This repository contains the trajectories and results for agent evaluations run on BALROG.
The repository is organized as follows:
submissions/
│ ├── LLM/
│ └── VLM/
| ├── <date>_<agent>
│ │ ├── babyai
│ │ ├── babaisai
│ │ ├── crafter
│ │ ├── textworld
│ │ ├── minihack
│ │ ├── nle
│ │ ├── metadata.yaml
│ │ ├── README.md
│ │ ├── logs/*.log (Execution Logs)
│ └── ...
More about how the repository is organized Viewing Trajectories: <COMING SOON!>
If you are interested in submitting your agent to the BALROG Leaderboard, please do the following:
- Fork and clone this repository.
- Create a new folder with the submission date and the agent name in the LLM or VLM directory (e.g. submissions/LLM/20240921_balrog_gpt4o).
- Copy the log of the run of your agent, please include the following files from your agent's evaluation:
- babaisai: babaisai folder, containing summary and trajectory logs
- babyai: babyai folder, containing summary and trajectory logs
- crafter: crafter folder, containing summary and trajectory logs
- minihack: minihack folder, containing summary and trajectory logs
- nle: nethack folder, containing summary and trajectory logs
- textworld: textworld folder, containing summary and trajectory logs
- summary.json: Summary of the evaluation outcomes for all environments
- NOTE: You shouldn't have to create any of these files. They should automatically be generated by BALROG evaluation.
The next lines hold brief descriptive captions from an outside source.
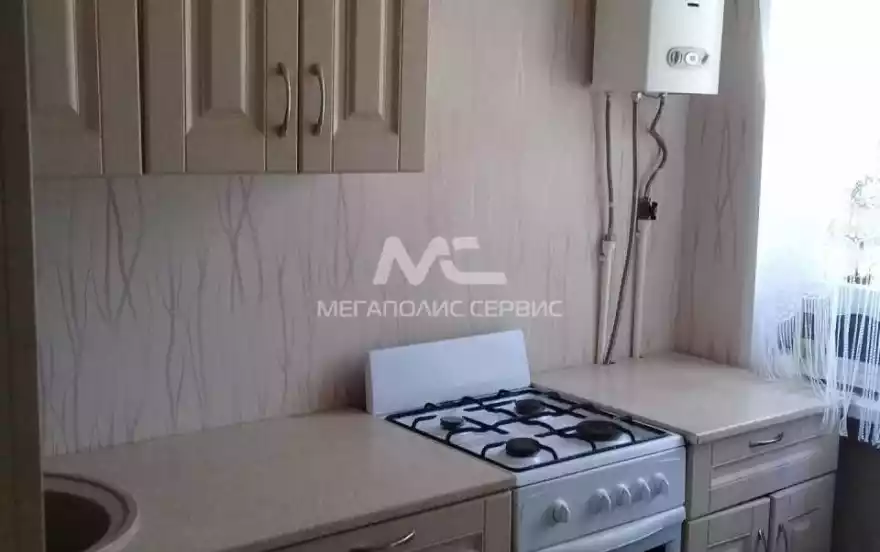 Ленина пр-кт, 45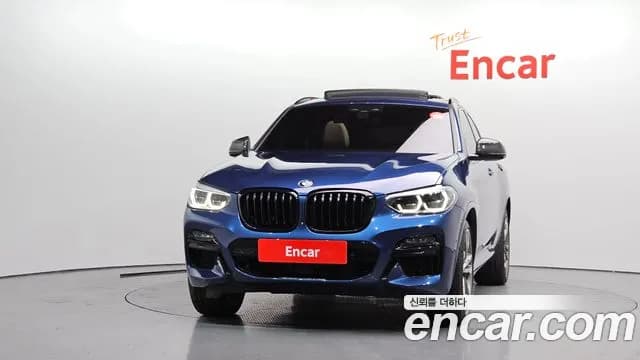 2021 BMW X4 (G02) xDrive M40i Online Exclusive Edition Sold VIN WBA2V5102M9G79597 – photo 12 2021 BMW X4 (G02) xDrive M40i Online Exclusive Edition Sold VIN WBA2V5102M9G79597 – photo 12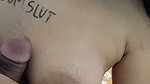 INDIAN hot Model Yashna Kapoor AKA Vanilla 4 banana blowjob dancing 13 clips 8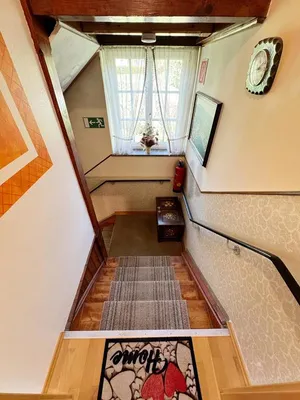 8-Zimmer-Immobilie kaufen in Villach Land – 197,73 m², € 1.250.000 – Bild 4 von 9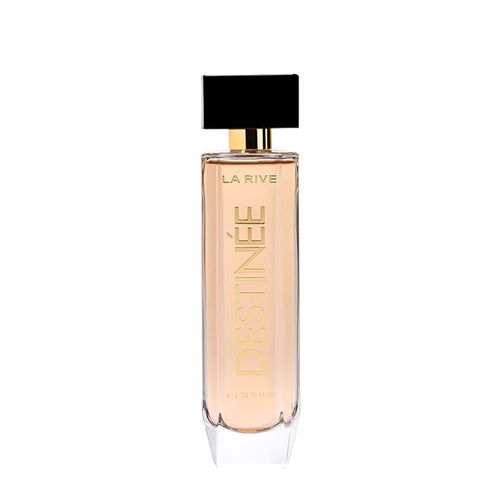 Perfume La Rive Destinée Feminino - Eau de Parfum 90ml 90ml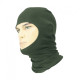 Балаклава Lasting WUK, зеленая, S-M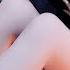 果果大白兔ASMR 肉丝与黑丝的命运交响曲
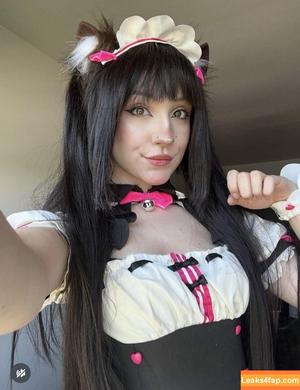 moronic_mouse photo #0018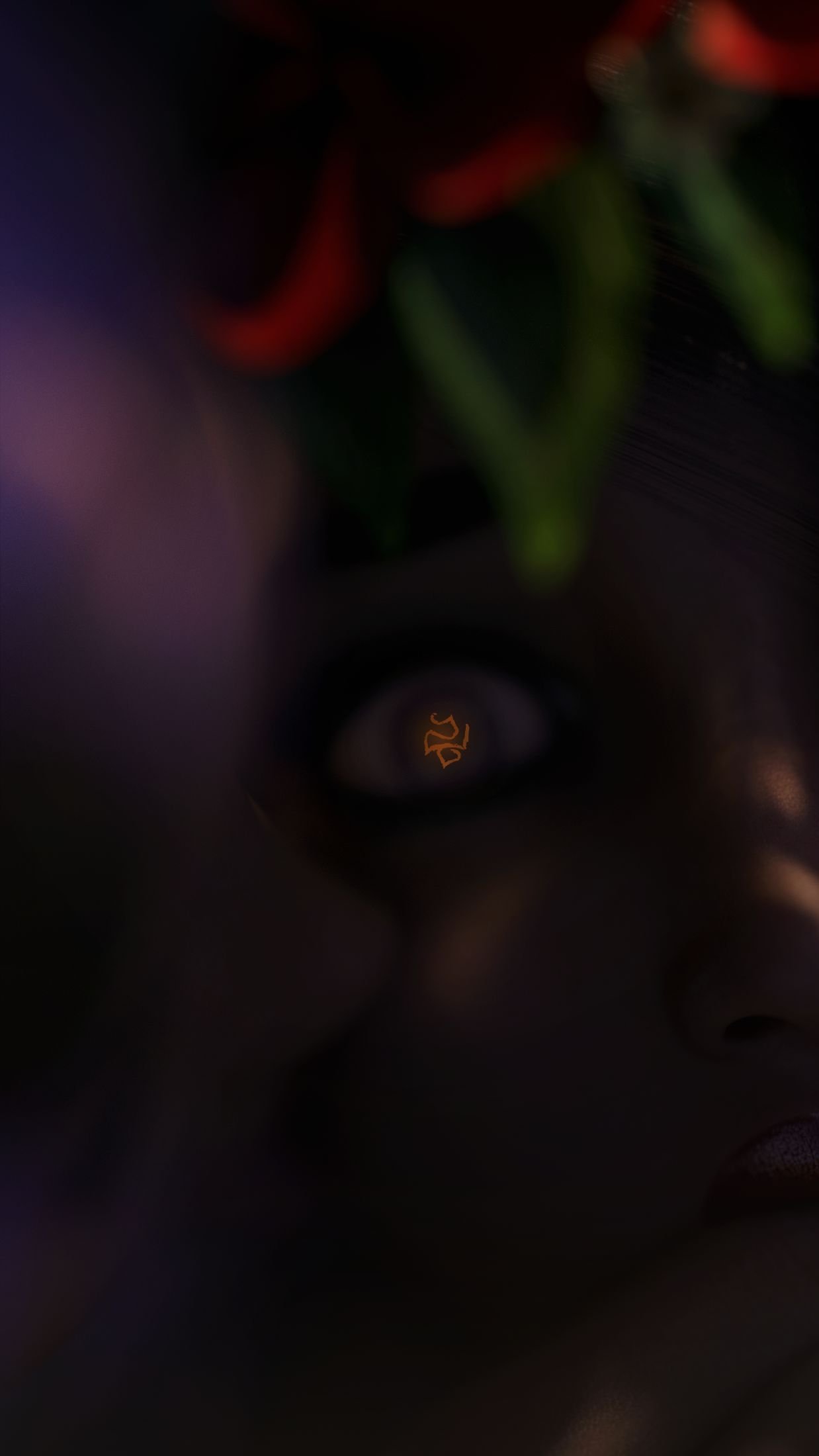 Fabiana’s Pitfall [Ashley Sugar] 1 . Fabiana's Pitfall - Chapter 1 [Ashley Sugar] – page 71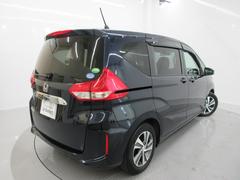 ����ϴ��쥨�ꥢ������ԡ���̸�����Ź�ؤΤ���Ź����ǽ�����Ȥʤ�ޤ�����������Ź�ؤ��䤤��碌ĺ��������Źͽ��ξ塢������ĺ���������ͤˤϥ�����������󥵡��ӥ��򤵤���ĺ���ޤ��� 2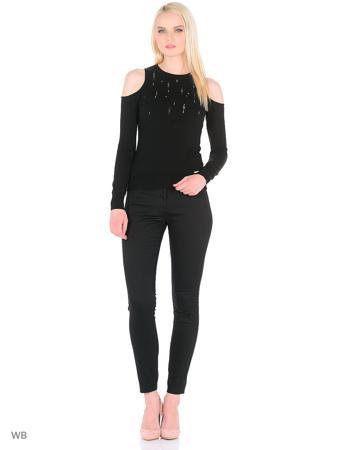 Джемпер GUESS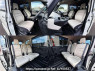 Used 2021 AT nissan serena 5AA-GFNC27 Image[8]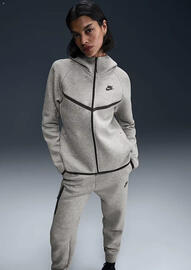 Nike akciós újság Oldal 8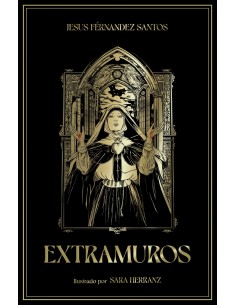 Extramuros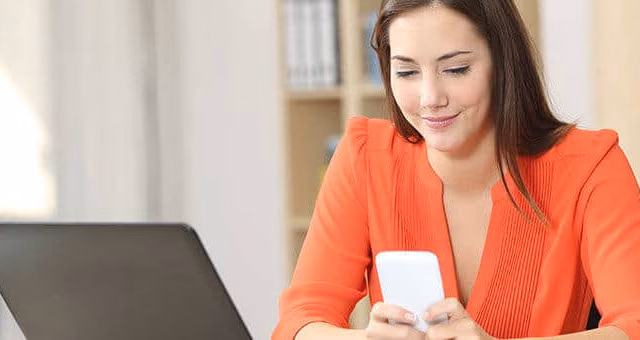 customer service management best practices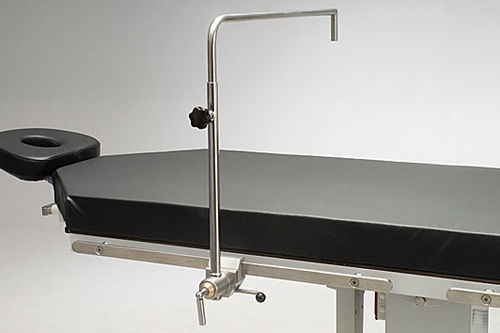 L-förmiger Anästhesiebogen - 10-310 - Reison Medical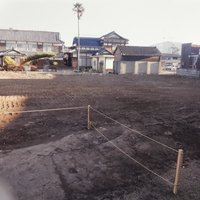 detached 大字直江１６８番地１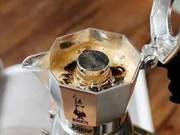 Coffee Extraction | Six Different Coffee Extraction Methods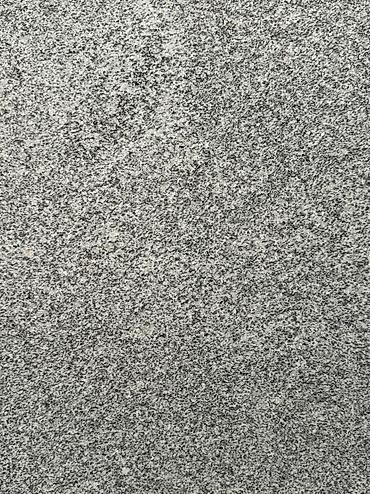 Фасадные работы: Утепление фасада, Ремонт фасада | Балясины | Гранит, Мрамор, Сары-Таш Больше 6 лет опыта — 9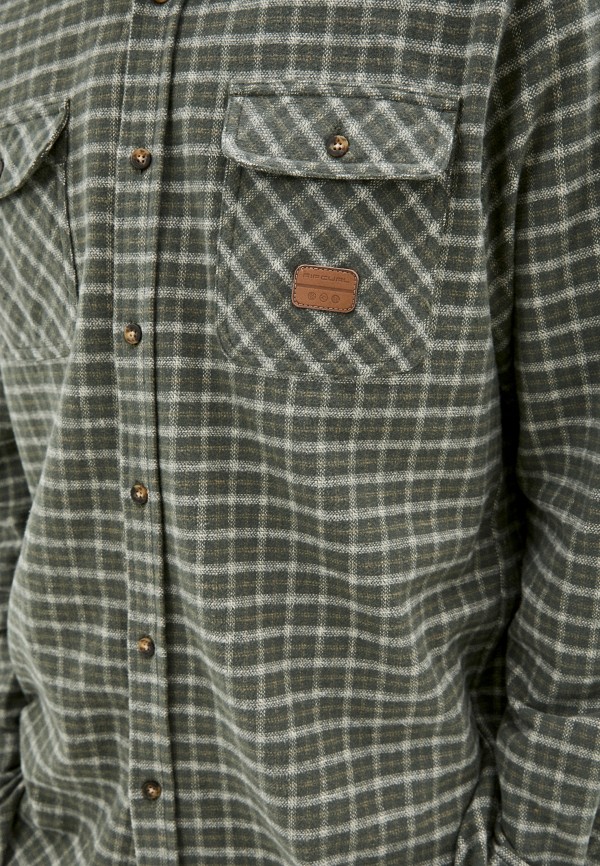 Rip Curl Рубашка - фото 5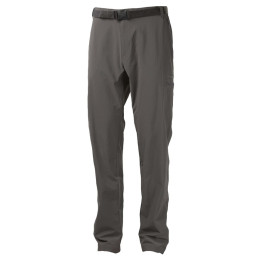 Muške hlače Progress OS Epic 24KZ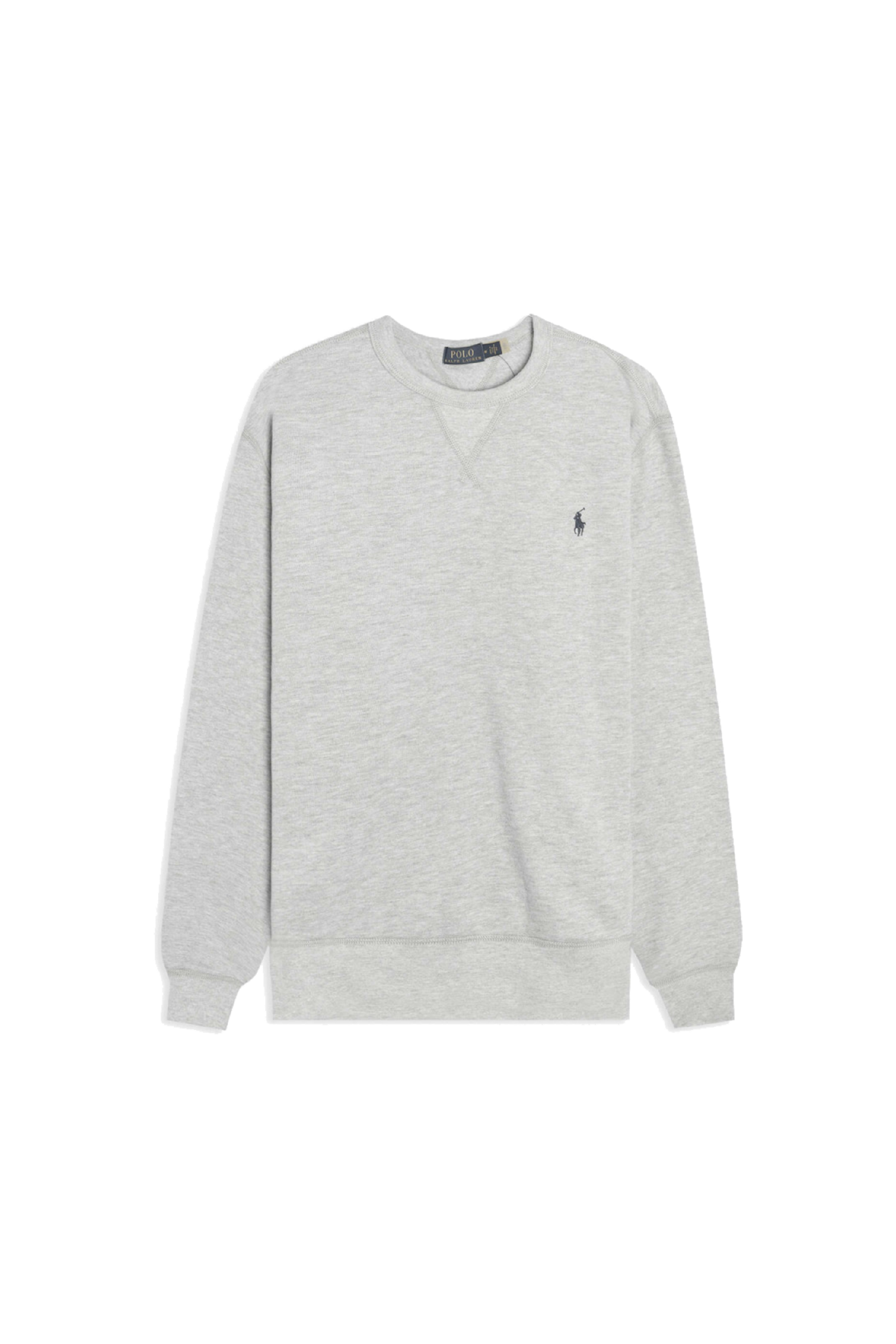 Sweat  Gris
- metadata.yaml: Metadata for how the result is shown on website. Please include the following fields:
- name: The name of your leaderboard entry
- oss: true if your agent (model + strategy) is open-source
- site: URL/link to more information about your agent
- verified: false (See below for results verification)
- date: submission date in string format, (e.g. "2024-12-09") 5 README.md: Include anything you'd like to share about your agent here!
- Run python submit.py
- Create a pull request to the BALROG/experiments repository with the new folder.
You can refer to this tutorial for a quick overview of how to evaluate your agent on BALROG.
The Verified check ✓ indicates that we (the BALROG team) received access to your agent and were able to reproduce a selection of the results.
If you are interested in receiving the "verified" checkmark ✓ on your submission, please do the following:
Create an issue In the issue, provide us instructions on how to run your agent on BALROG. We will run your agent on a random subset of BALROG and verify the results.